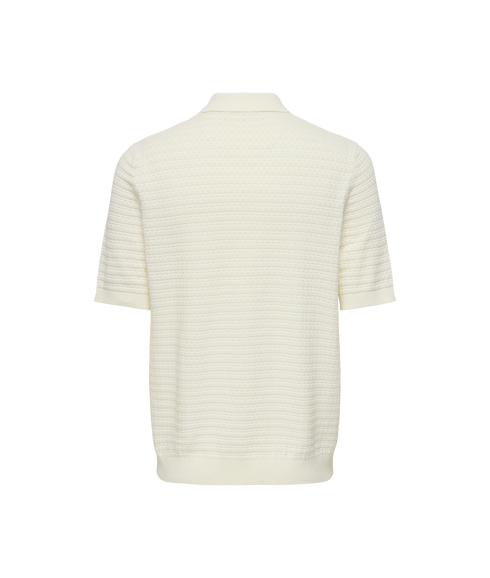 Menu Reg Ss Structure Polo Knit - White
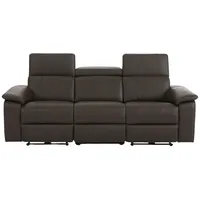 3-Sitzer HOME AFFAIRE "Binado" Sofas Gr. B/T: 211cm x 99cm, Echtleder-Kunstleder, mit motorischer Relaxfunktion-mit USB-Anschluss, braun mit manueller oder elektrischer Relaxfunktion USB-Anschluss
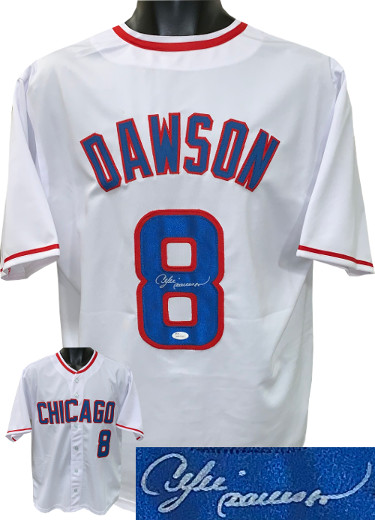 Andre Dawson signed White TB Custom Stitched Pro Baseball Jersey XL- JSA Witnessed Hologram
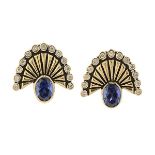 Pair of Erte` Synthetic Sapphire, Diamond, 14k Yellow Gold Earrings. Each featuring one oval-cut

* * *

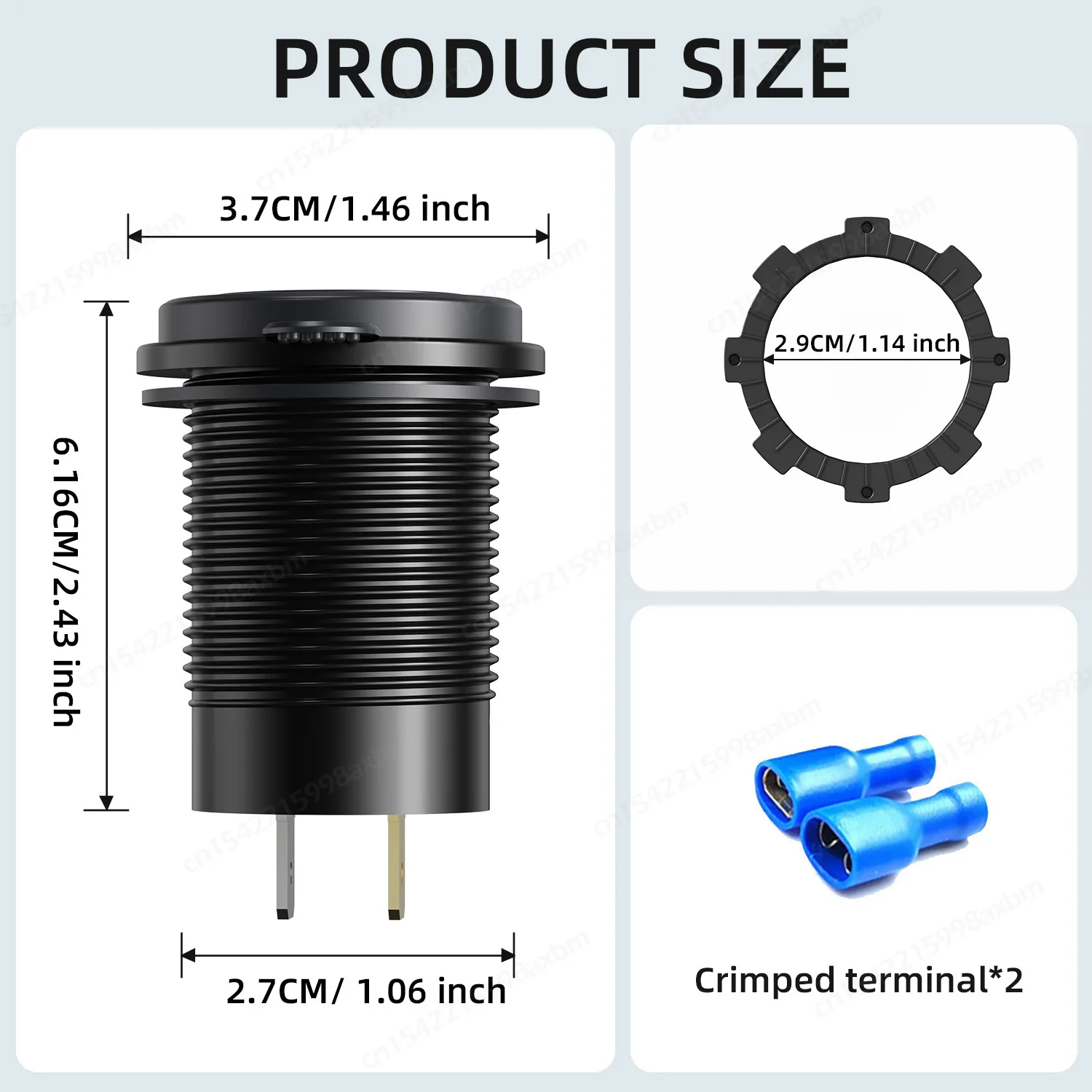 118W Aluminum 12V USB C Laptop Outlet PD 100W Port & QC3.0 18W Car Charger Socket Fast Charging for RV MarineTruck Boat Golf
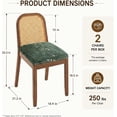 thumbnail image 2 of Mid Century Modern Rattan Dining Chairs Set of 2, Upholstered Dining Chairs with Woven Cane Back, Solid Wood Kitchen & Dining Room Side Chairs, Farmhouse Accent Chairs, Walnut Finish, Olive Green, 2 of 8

:: About this task ::
Going by the data above, the answer is exactly the lines from the one holding "Menu Reg Ss Structure Polo Knit - White" to the one holding "featuring one oval-cut", both kept, with the pictures left out.

:: Solution to the exercise ::
 Menu Reg Ss Structure Polo Knit - White
 3-Sitzer HOME AFFAIRE "Binado" Sofas Gr. B/T: 211cm x 99cm, Echtleder-Kunstleder, mit motorischer Relaxfunktion-mit USB-Anschluss, braun mit manueller oder elektrischer Relaxfunktion USB-Anschluss
 Andre Dawson signed White TB Custom Stitched Pro Baseball Jersey XL- JSA Witnessed Hologram
 Pair of Erte` Synthetic Sapphire, Diamond, 14k Yellow Gold Earrings. Each featuring one oval-cut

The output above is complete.